Given information:
--- START ---

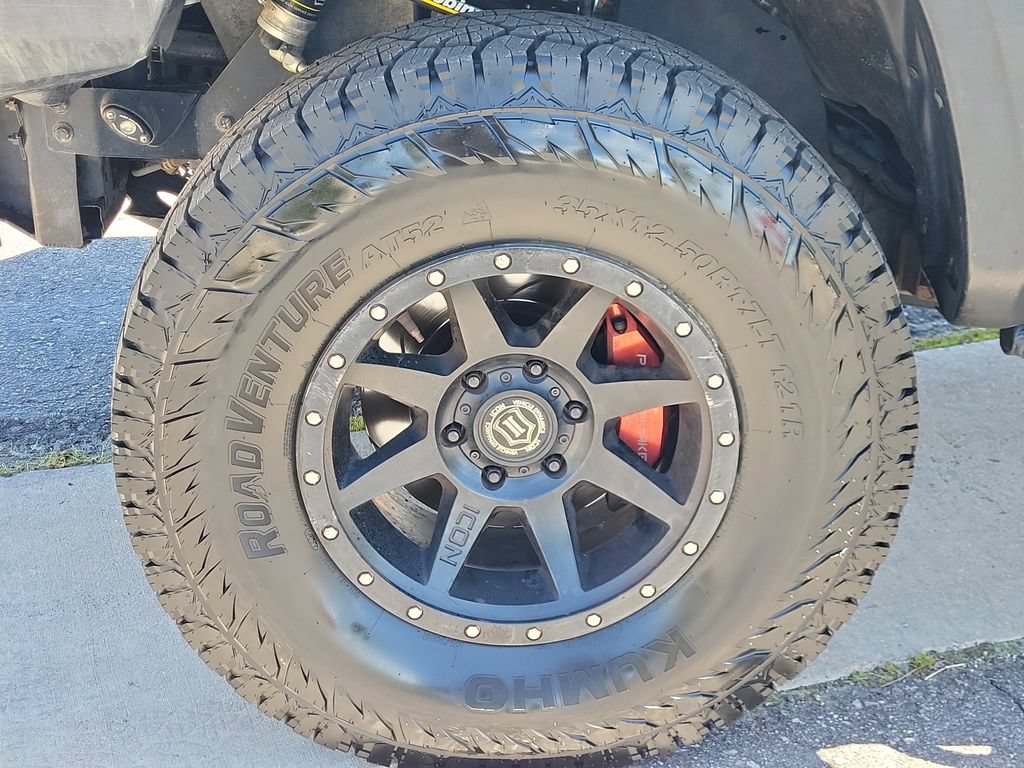 Used 2016 Toyota Tacoma TRD Off-Road w/ Premium & Technology Package AWD/4WD image 24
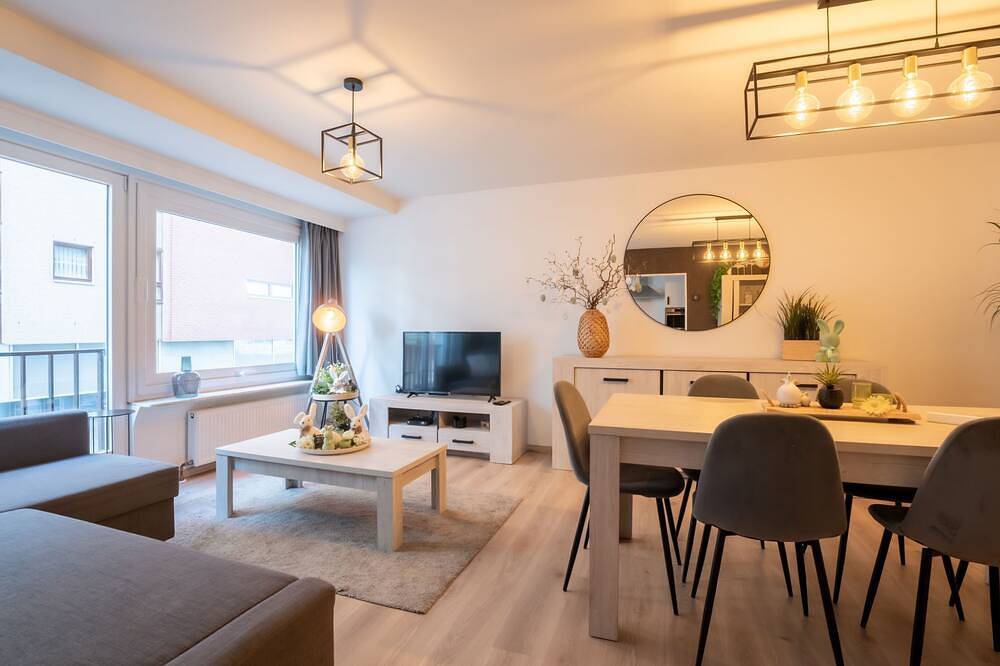 Apartamento entero, Amuzee with parking & lateral sea view in Blankenberge, Costa de Bélgica
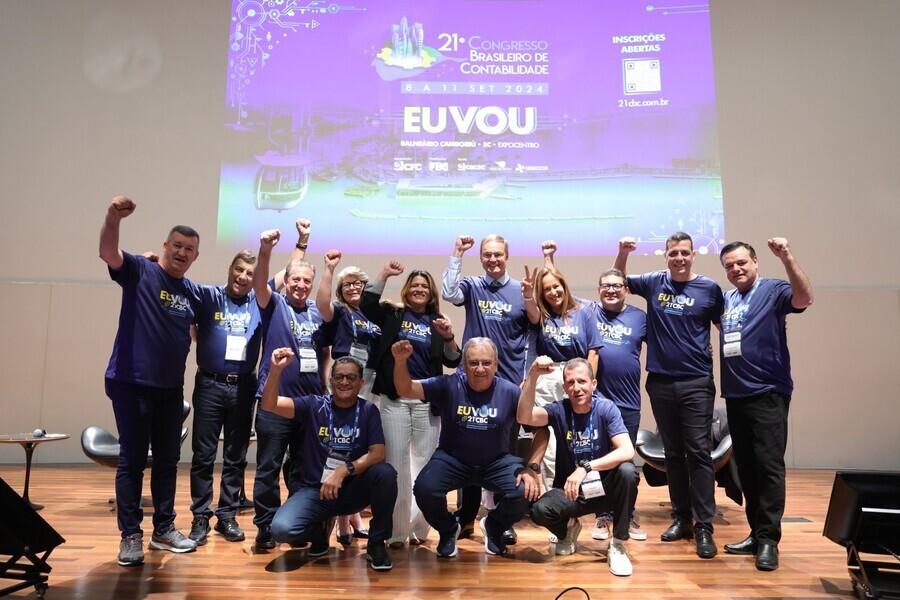 comitiva-do-crcsc-participa-do-seminario-de-gestao-planejamento-estrategico-governanca-e-diretrizes-gerais-do-sistema-contabil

--- END ---

Problem details:
Could you repeat the listing above exactly, omitting its pictures?

Task solution:
 Used 2016 Toyota Tacoma TRD Off-Road w/ Premium & Technology Package AWD/4WD image 24
 Apartamento entero, Amuzee with parking & lateral sea view in Blankenberge, Costa de Bélgica
 comitiva-do-crcsc-participa-do-seminario-de-gestao-planejamento-estrategico-governanca-e-diretrizes-gerais-do-sistema-contabil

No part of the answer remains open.